- Opening Delimiter -

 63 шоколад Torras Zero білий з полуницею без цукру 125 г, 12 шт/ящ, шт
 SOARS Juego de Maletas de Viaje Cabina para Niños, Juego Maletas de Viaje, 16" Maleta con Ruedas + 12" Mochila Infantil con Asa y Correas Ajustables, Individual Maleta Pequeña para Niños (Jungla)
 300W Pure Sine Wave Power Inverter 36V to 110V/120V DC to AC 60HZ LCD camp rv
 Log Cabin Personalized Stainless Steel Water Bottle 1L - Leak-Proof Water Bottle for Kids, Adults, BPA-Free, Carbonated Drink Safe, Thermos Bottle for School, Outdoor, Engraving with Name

- Closing Delimiter -
- Opening Delimiter -

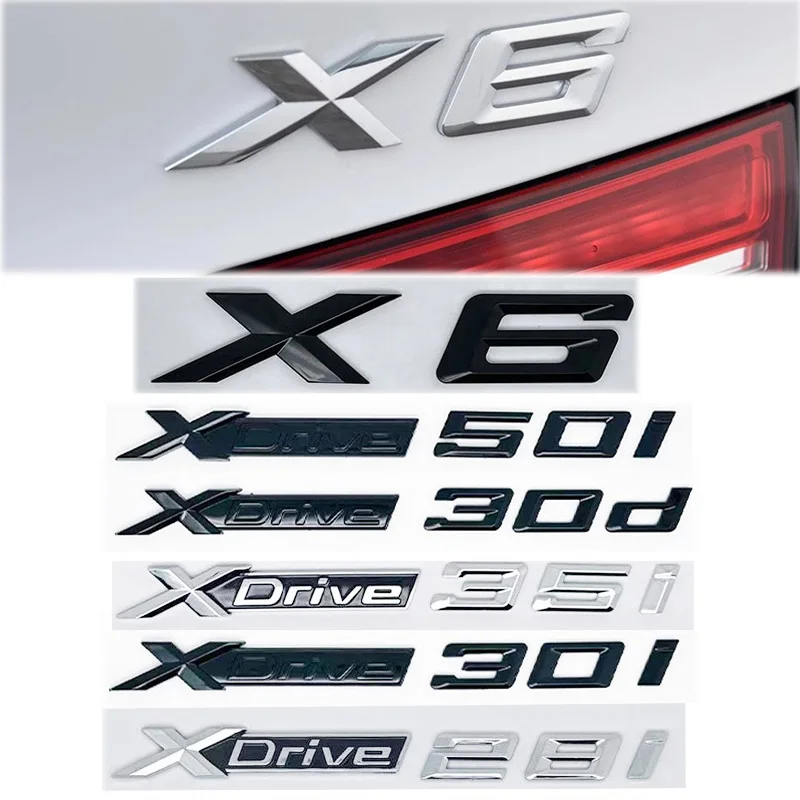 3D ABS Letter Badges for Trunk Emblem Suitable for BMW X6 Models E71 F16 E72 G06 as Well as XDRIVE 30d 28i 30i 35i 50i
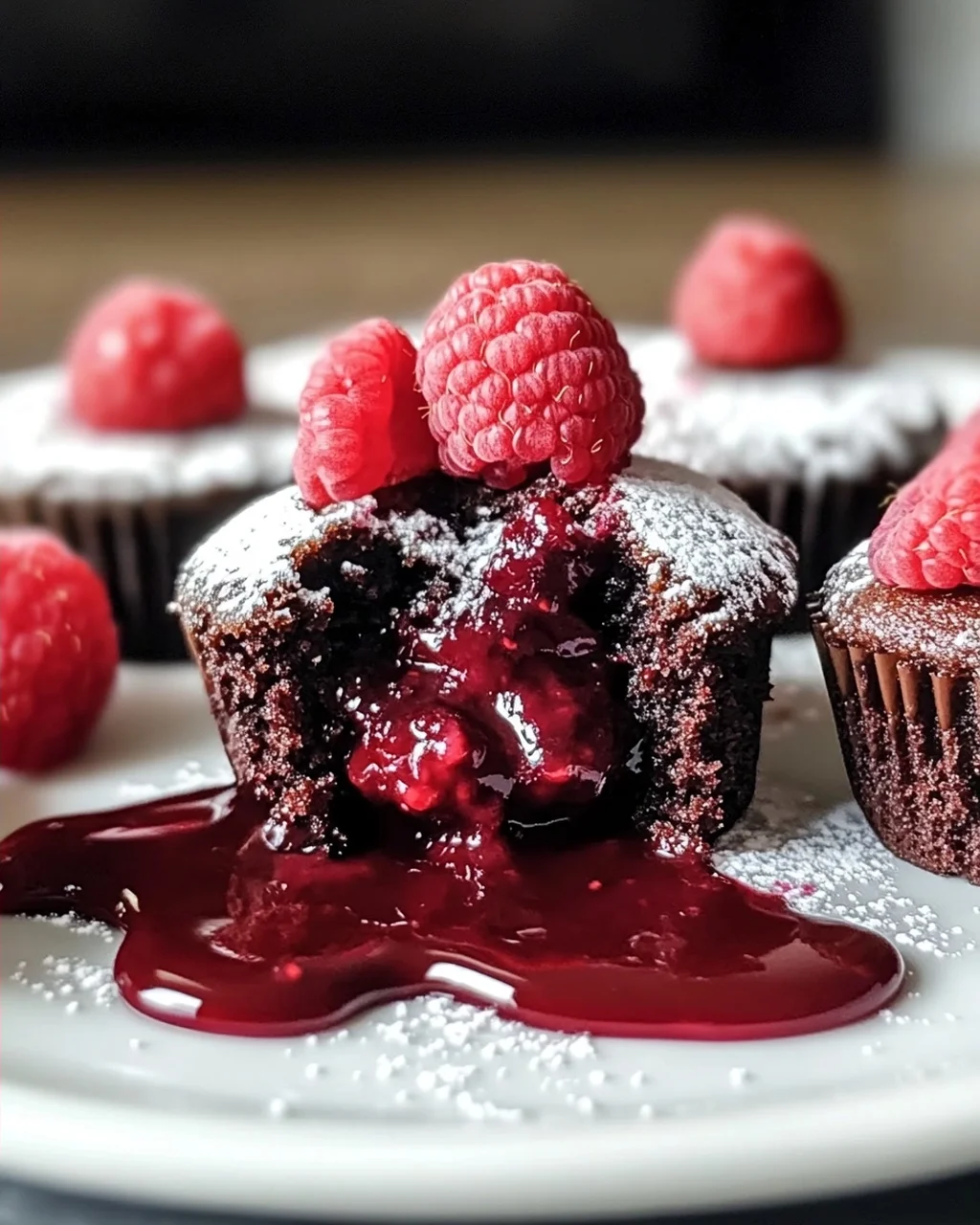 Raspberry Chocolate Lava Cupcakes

- Closing Delimiter -
- Opening Delimiter -

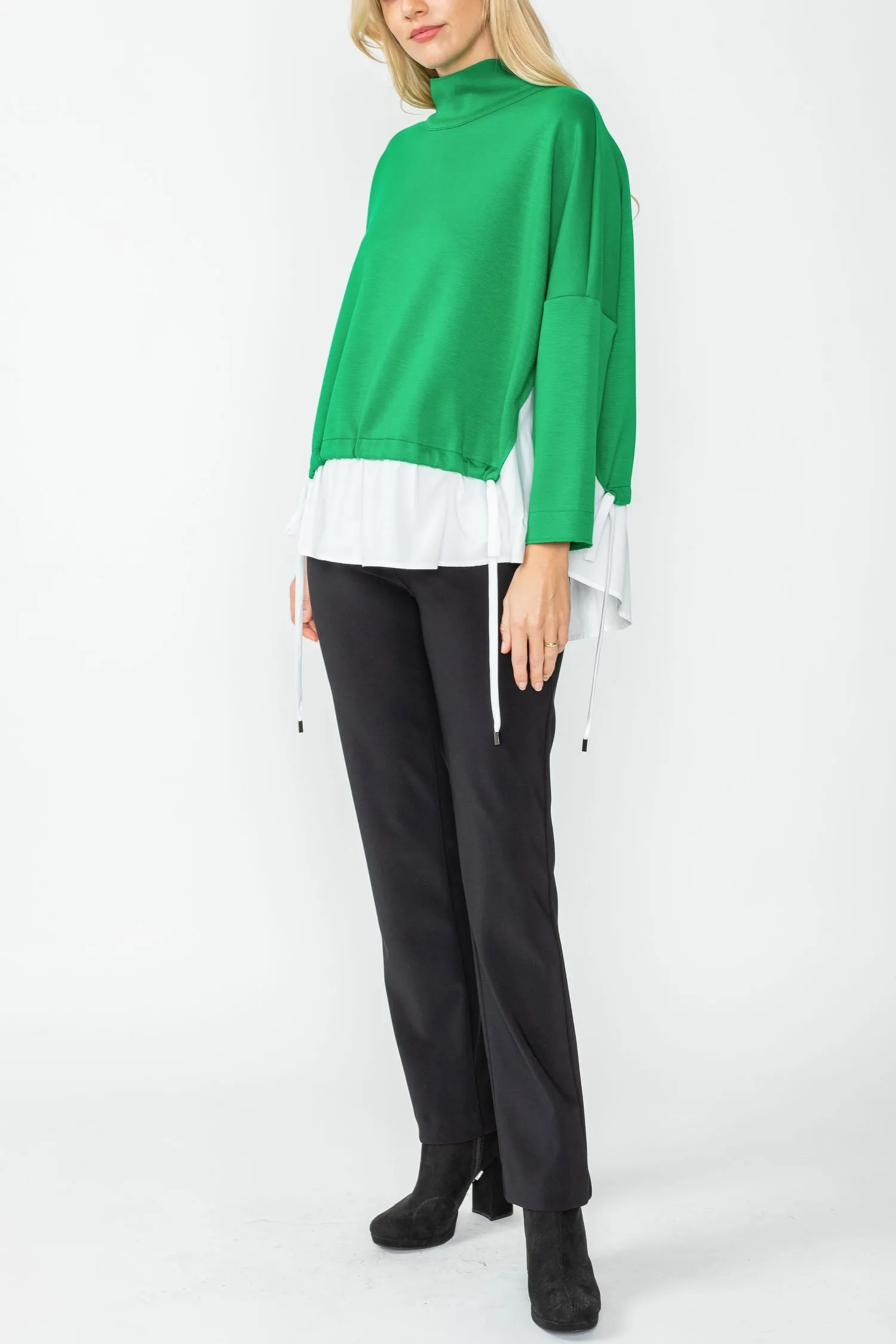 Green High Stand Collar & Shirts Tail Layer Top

- Closing Delimiter -

■ BRIEF
Reproduce exactly the lines above that run from the one with "3D ABS Letter" to the one with "Raspberry Chocolate Lava Cupcakes", both included, leaving pictures out.

■ SOLUTION TO THE EXERCISE
 3D ABS Letter Badges for Trunk Emblem Suitable for BMW X6 Models E71 F16 E72 G06 as Well as XDRIVE 30d 28i 30i 35i 50i
 Raspberry Chocolate Lava Cupcakes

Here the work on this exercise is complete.